REVIEW: BRIAN SETZER'S ROCKABILLY RIOT

March 31, 2012, 2:44 pm Nicola Heath Yahoo!7 Music

Our Yahoo!7 Music reviewer, Nicola Heath, saw Brian Setzer's rockabilly riot perform at Sydney's Hordern Pavillion.

Rating:
(5)

Brian Setzer. Credit: Getty Images


Rockabilly veteran Brian Setzer has enjoyed a long career as one of the most popular purveyors of the genre which has its roots in fifties America.

Setzer's band is a revolving roster of six or so musicians, with roadies working hard for their money, carting drumkits on and off stage at various times during the show.

Part of the appeal of rockabilly is the accompanying aesthetic: quiffs, and leather jackets for the men, full skirts and red lipstick for women, and tattoos for both.

Brian Setzer and his band certainly looked the part at the Enmore, and treated the audience to a series of costume changes during the two hours they graced the stage.
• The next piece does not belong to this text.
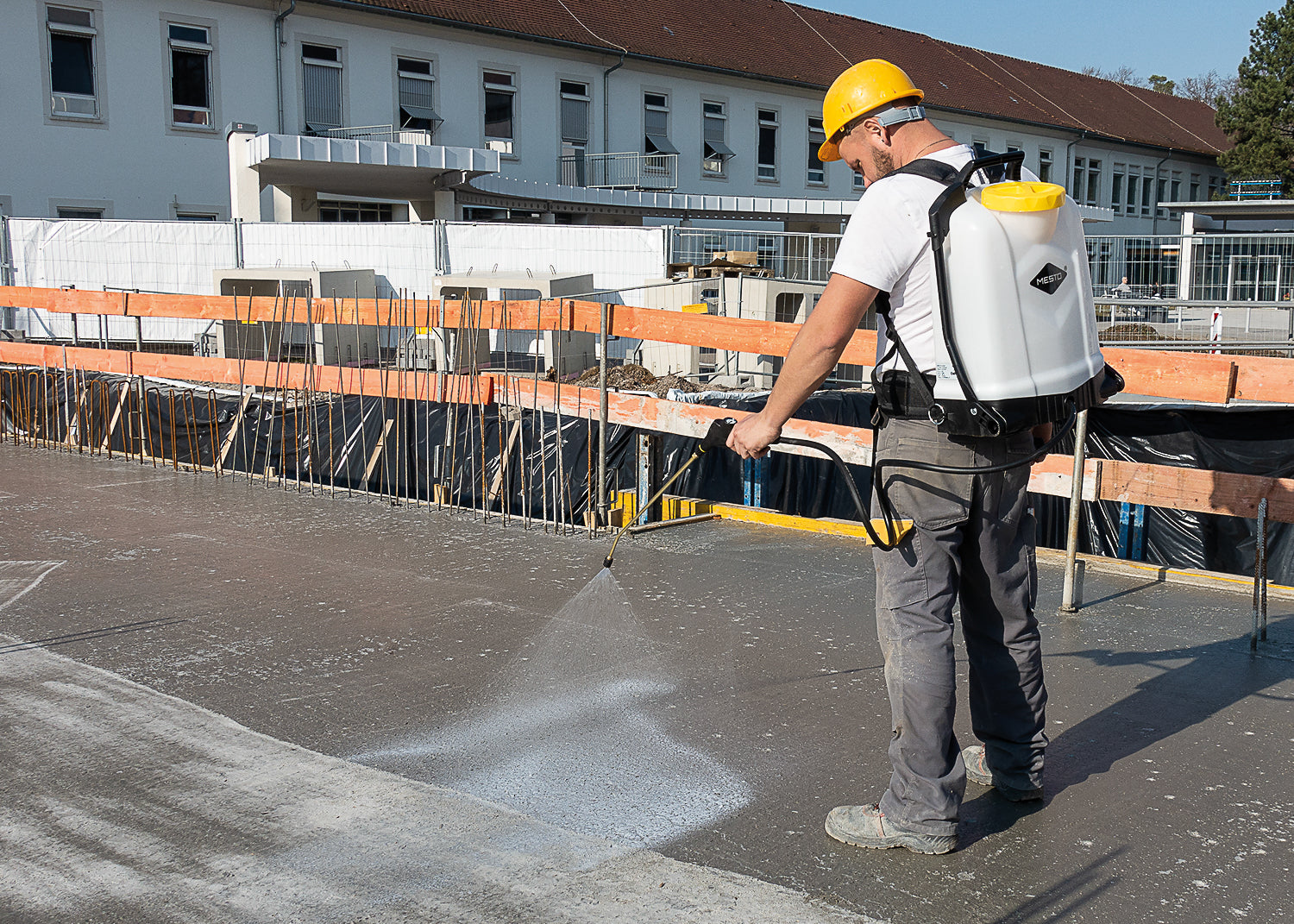 Cleaning of Construction Chemicals - Clean Spraying Equipment – SPCB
Slim Jim Phantom, who also played with Setzer in the Stray Cats, looked especially sharp in a pink shirt and a purple jacket (showing men, according to Setzer, that they can wear pink and purple).

Setzer has plenty of swagger and all the classic lines. "Drive like lightning and crash like thunder," he drawls, introducing his song of the same name. 'Stray Cat Strut', a hit for Setzer's band Stray Cats in 1981, is a hit as well with the Sydney crowd.

It's no surprise that the band cover 'Put Your Cat Clothes On' by Carl Perkins, one of the pioneers of rockabilly. Perkins' best known song, 'Blue Suede Shoes', was made famous by Elvis Presley.

Covers provided other highlights of the show, including Johnny Cash's 'Folsom Prison Blues' and an energetic rendition of 'Great Balls of Fire', originally recorded by Jerry Lee Lewis in 1957. Setzer paid tribute too to Earl Scruggs, dedicating 'Blue Moon of Kentucky' to the legendary banjo player who died last week.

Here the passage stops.